CBL Corp plans to buy France's Securities and Financial Solutions Europe SA (SFS) for 94 million euros, (NZ$147m) taking over its biggest customer in a deal expected to lift the credit and financial risk insurer's earnings.
The Auckland-based company has been granted exclusivity to pursue the acquisition, which would include IMS Expert Europe SA, a related claims management operation, it said in a statement. The deal is subject to regulatory processes and consents and is expected to be wrapped up before October 31.
SFS is France's biggest specialist producer of construction sector insurance and, with the IMS claims management operation, generated normalised operating earnings of 8.2 million euros on revenue of 41 million euros in 2015.
"The strategic acquisition would assist in removing the distribution concentration risk that SFS represented to CBL in being such a large client, and would further vertically integrate and consolidate CBL's market position in Europe, particularly in France," managing director Peter Harris said.
"The acquisition would be expected to be earnings accretive in the first full year of CBL ownership."
Reinsurance business originated from SFS accounted for about 41.4 percent of CBL's gross written premiums in 2015, down from 49.9 percent in 2014. The NZX-listed insurer posted an annual profit of $35.5 million last year, beating the forecast in its initial public offering prospectus for earnings of $26.1 million.
CBL will pay for the acquisition through cash, bank debt and vendor funding, with 11.4 million euros of the purchase price paid over two years after the deal was completed, subject to any adjustments based on the European firms' performance.
SFS executive chairman and shareholder Antoine Guiguet will keep his position and reinvest a portion of his takings from the transaction to retain 26 percent of the CBL subsidiary acquiring the companies. IMS managing director Gerard Marichy will also keep his position and buy a 3 percent stake in the subsidiary. SFS's principal owner Patrice Gilles will exit and become an advisory chairman of SFS.

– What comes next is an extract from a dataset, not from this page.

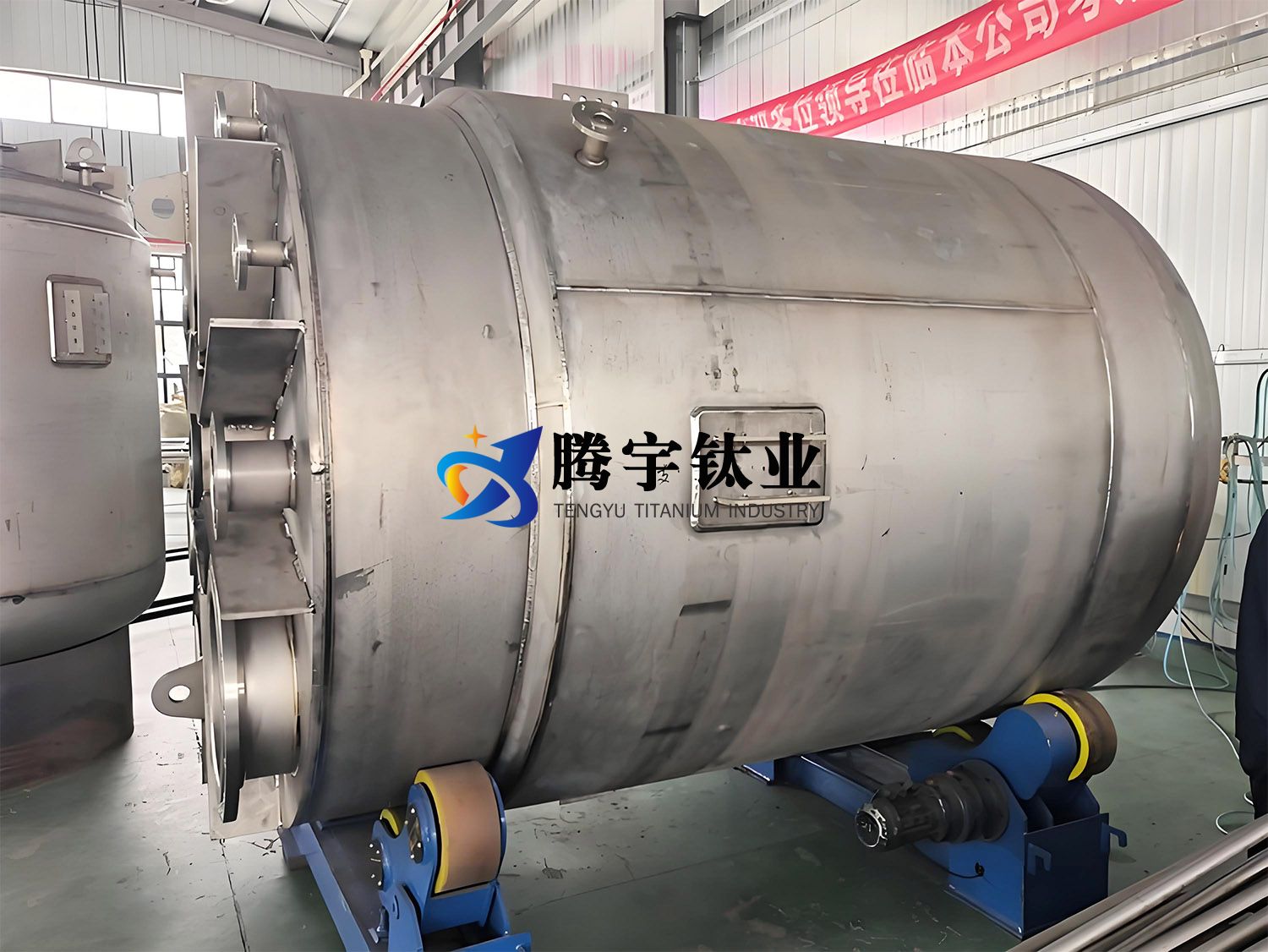 鈦設備廠家談強酸/堿介質用鈦儲罐的關鍵制造工藝和采購建議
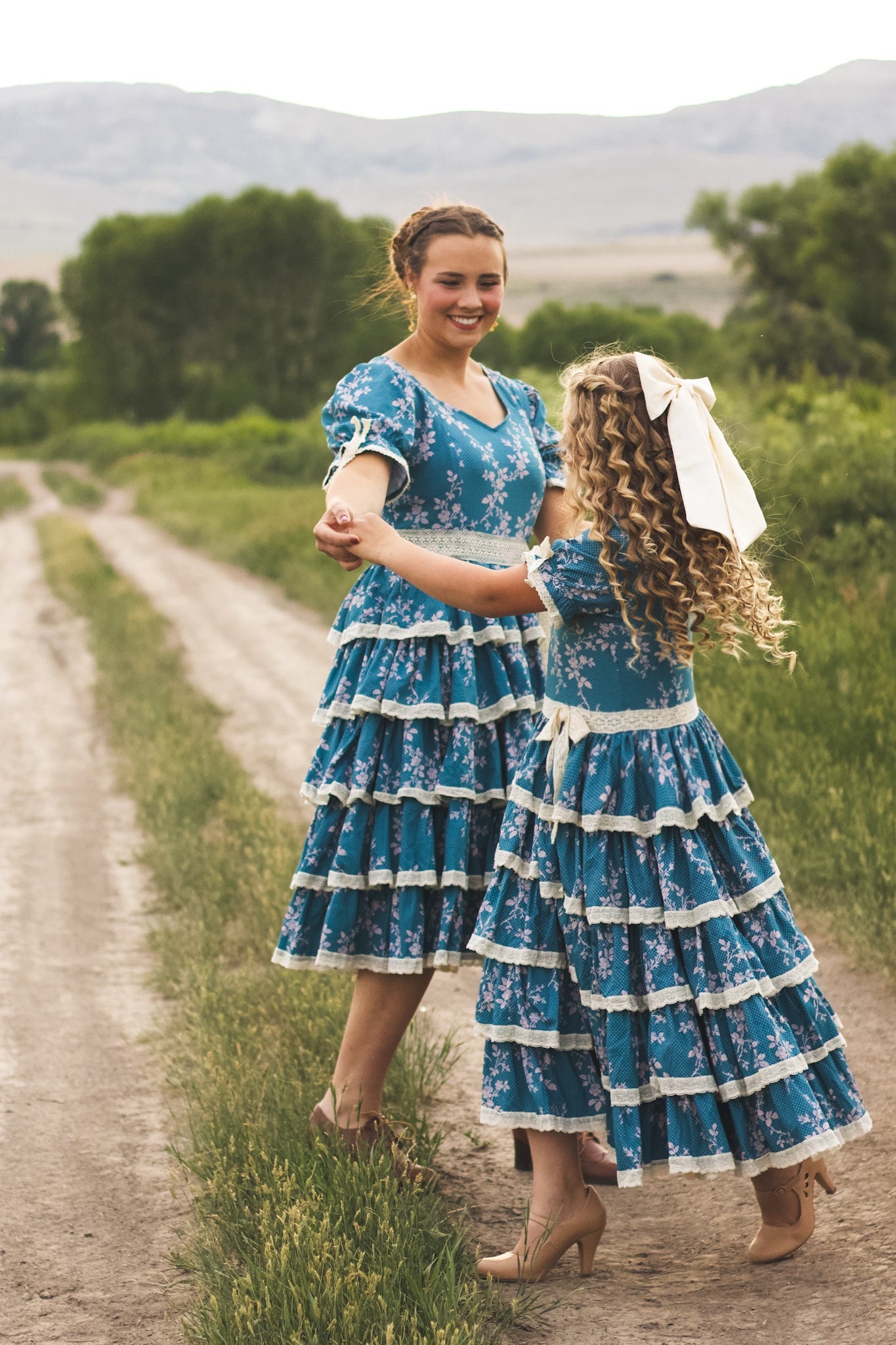 Everwold ~ Mini Castlekeep Gown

Guiget and Marchy will be given the option to convert their shares in the subsidiary for CBL stock after three years, based on the average weighted price and other terms and conditions. If not exercised, the options will lapse on the fourth anniversary of the deal's completion.

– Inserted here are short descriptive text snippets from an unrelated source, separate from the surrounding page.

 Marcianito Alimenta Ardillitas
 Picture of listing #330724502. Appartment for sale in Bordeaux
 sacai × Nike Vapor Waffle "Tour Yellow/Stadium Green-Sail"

The transaction comes at a volatile time in Europe, with the UK set to vote today on whether or not to quit the European Union economic bloc. CBL this week downplayed the impact a 'Brexit' would have on its business, with its European insurer based in Ireland.
If the UK does vote to leave, CBL's UK-based European Insurance Services will keep operating in Tunbridge Wells, but CBL would shift its legal domicile, probably to Ireland.
CBL listed on the NZX last year, raising $90 million at $1.55 a share to help fund the acquisition of Australian insurer Assetinsure. Since then, the shares have climbed to $2.49.